- **What needs to be done**: Beginning with the first line, please return the entries exactly through the line that contains "Floral Blue Teenager", and leave out all later lines.

____________________

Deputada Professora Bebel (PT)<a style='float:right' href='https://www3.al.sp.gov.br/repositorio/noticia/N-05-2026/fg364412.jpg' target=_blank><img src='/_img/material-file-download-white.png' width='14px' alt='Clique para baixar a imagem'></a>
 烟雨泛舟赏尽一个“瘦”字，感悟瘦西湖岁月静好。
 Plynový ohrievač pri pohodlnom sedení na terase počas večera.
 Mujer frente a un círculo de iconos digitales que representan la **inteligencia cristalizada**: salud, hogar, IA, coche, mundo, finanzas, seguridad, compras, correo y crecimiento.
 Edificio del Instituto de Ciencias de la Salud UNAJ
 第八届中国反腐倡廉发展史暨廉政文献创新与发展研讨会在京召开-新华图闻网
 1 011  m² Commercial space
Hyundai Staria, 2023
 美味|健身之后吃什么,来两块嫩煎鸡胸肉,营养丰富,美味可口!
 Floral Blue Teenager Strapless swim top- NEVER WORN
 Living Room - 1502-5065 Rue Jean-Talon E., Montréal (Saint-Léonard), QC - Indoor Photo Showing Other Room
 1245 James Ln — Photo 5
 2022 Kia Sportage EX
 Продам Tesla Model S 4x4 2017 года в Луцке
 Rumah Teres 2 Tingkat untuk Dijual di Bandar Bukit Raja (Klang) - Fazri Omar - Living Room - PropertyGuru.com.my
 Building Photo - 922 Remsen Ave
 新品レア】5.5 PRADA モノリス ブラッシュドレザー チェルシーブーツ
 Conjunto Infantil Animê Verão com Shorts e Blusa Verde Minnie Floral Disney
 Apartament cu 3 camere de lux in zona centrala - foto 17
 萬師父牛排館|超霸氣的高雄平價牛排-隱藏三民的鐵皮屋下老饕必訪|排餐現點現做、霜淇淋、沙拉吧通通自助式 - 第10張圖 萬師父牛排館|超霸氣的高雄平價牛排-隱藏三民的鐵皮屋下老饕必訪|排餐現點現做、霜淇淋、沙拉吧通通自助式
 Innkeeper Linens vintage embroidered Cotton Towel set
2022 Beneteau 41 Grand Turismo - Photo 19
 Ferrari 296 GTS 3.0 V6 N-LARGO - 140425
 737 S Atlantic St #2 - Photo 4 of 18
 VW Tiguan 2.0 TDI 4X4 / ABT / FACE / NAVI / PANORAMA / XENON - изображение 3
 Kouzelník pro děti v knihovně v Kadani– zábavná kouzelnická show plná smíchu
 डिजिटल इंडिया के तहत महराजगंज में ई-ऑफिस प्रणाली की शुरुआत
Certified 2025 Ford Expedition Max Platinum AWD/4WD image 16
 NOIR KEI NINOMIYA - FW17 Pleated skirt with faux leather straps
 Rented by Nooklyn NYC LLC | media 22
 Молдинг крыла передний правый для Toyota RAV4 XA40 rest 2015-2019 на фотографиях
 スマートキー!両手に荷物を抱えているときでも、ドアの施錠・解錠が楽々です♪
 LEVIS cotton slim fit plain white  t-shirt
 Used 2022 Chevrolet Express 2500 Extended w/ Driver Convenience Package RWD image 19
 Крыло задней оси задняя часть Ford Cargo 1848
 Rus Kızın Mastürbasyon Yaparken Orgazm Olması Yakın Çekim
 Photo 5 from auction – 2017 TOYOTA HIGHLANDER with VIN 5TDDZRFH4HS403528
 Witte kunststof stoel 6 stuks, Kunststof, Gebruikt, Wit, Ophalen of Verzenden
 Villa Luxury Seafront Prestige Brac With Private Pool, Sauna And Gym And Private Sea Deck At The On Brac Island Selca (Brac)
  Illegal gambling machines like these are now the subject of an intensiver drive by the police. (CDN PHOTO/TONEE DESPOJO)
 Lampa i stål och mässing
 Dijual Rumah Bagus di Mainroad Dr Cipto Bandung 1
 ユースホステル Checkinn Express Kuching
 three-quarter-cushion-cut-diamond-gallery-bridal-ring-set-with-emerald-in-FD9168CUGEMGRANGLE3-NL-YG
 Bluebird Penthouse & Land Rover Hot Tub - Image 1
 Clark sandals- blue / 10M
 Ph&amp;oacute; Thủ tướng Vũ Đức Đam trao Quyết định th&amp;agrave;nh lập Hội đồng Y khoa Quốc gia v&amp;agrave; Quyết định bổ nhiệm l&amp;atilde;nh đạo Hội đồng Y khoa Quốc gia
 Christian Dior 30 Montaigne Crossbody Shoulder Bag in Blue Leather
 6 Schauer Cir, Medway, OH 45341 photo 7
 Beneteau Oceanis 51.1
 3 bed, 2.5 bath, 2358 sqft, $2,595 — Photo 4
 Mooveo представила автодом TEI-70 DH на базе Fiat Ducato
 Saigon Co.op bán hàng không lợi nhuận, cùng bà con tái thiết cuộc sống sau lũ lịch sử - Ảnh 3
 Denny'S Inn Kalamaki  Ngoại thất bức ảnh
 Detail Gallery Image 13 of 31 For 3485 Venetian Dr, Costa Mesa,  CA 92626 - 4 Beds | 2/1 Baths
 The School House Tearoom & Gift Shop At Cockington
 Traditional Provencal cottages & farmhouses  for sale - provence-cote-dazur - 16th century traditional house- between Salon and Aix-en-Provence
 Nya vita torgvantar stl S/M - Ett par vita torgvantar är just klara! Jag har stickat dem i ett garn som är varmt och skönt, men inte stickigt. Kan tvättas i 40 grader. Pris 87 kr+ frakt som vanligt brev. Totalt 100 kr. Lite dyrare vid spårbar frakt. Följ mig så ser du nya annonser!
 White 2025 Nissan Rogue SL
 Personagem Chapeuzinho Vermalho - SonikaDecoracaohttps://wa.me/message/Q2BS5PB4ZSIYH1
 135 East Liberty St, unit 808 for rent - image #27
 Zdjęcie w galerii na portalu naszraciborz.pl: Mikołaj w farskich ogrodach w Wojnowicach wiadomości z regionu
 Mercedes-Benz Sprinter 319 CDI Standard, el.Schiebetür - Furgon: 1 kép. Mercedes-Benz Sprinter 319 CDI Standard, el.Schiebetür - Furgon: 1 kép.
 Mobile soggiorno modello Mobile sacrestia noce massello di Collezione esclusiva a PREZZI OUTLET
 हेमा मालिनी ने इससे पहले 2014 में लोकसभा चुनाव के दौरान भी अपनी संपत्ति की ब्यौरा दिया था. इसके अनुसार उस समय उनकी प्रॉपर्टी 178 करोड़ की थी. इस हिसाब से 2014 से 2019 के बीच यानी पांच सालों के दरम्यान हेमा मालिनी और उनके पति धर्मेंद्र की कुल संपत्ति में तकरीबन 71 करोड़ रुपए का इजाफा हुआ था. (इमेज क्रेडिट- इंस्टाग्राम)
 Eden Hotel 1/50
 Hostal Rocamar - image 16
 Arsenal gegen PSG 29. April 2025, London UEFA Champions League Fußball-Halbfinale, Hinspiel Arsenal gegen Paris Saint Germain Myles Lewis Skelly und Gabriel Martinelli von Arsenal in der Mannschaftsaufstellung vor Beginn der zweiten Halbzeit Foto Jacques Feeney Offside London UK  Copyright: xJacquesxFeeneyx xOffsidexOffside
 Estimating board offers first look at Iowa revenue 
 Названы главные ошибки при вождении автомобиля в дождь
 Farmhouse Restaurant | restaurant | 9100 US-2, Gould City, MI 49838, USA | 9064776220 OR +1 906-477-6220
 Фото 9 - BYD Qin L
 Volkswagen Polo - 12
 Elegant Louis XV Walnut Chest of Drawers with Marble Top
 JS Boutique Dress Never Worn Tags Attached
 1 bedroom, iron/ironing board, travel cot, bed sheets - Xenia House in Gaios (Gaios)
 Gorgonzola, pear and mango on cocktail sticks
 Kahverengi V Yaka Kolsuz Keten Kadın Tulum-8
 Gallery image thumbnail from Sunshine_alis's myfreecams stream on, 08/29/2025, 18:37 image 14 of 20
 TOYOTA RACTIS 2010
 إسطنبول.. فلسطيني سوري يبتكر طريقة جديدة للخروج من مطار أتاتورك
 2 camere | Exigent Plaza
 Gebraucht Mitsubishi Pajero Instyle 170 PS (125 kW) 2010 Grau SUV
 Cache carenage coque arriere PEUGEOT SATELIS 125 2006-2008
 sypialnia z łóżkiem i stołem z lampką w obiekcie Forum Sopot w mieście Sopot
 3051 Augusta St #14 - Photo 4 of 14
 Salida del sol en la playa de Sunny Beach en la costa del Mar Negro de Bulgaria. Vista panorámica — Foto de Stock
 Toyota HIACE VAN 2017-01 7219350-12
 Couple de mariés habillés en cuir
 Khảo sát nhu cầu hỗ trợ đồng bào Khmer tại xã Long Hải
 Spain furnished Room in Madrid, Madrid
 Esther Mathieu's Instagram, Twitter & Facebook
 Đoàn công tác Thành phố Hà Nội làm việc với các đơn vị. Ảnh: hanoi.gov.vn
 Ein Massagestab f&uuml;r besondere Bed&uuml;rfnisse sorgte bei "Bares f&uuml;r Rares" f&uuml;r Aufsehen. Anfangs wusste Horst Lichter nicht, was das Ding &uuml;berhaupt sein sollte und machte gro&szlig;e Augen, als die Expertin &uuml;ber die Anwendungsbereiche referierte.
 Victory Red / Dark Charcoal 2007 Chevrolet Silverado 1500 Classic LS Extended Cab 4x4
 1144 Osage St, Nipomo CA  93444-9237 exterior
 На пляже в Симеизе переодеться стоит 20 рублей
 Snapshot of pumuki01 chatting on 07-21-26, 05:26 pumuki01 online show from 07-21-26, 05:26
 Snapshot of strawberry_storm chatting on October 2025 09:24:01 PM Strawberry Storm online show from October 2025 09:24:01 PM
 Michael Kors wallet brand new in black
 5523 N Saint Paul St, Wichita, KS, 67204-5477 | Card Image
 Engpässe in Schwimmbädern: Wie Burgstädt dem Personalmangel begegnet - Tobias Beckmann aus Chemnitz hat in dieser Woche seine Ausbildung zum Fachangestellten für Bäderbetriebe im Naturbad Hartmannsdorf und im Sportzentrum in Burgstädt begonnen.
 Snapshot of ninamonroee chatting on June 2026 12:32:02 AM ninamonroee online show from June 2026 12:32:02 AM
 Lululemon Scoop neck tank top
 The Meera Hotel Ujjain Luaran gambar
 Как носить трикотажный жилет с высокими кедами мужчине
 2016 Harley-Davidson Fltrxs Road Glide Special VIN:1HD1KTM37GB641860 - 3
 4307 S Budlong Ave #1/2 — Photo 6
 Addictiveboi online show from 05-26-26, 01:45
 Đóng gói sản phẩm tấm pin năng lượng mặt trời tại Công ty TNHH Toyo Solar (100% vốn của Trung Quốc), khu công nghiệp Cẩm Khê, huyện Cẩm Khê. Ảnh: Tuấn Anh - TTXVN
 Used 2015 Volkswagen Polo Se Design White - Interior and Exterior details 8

____________________

- **Task result**:
Deputada Professora Bebel (PT)<a style='float:right' href='https://www3.al.sp.gov.br/repositorio/noticia/N-05-2026/fg364412.jpg' target=_blank><img src='/_img/material-file-download-white.png' width='14px' alt='Clique para baixar a imagem'></a>
 烟雨泛舟赏尽一个“瘦”字，感悟瘦西湖岁月静好。
 Plynový ohrievač pri pohodlnom sedení na terase počas večera.
 Mujer frente a un círculo de iconos digitales que representan la **inteligencia cristalizada**: salud, hogar, IA, coche, mundo, finanzas, seguridad, compras, correo y crecimiento.
 Edificio del Instituto de Ciencias de la Salud UNAJ
 第八届中国反腐倡廉发展史暨廉政文献创新与发展研讨会在京召开-新华图闻网
 1 011  m² Commercial space
Hyundai Staria, 2023
 美味|健身之后吃什么,来两块嫩煎鸡胸肉,营养丰富,美味可口!
 Floral Blue Teenager Strapless swim top- NEVER WORN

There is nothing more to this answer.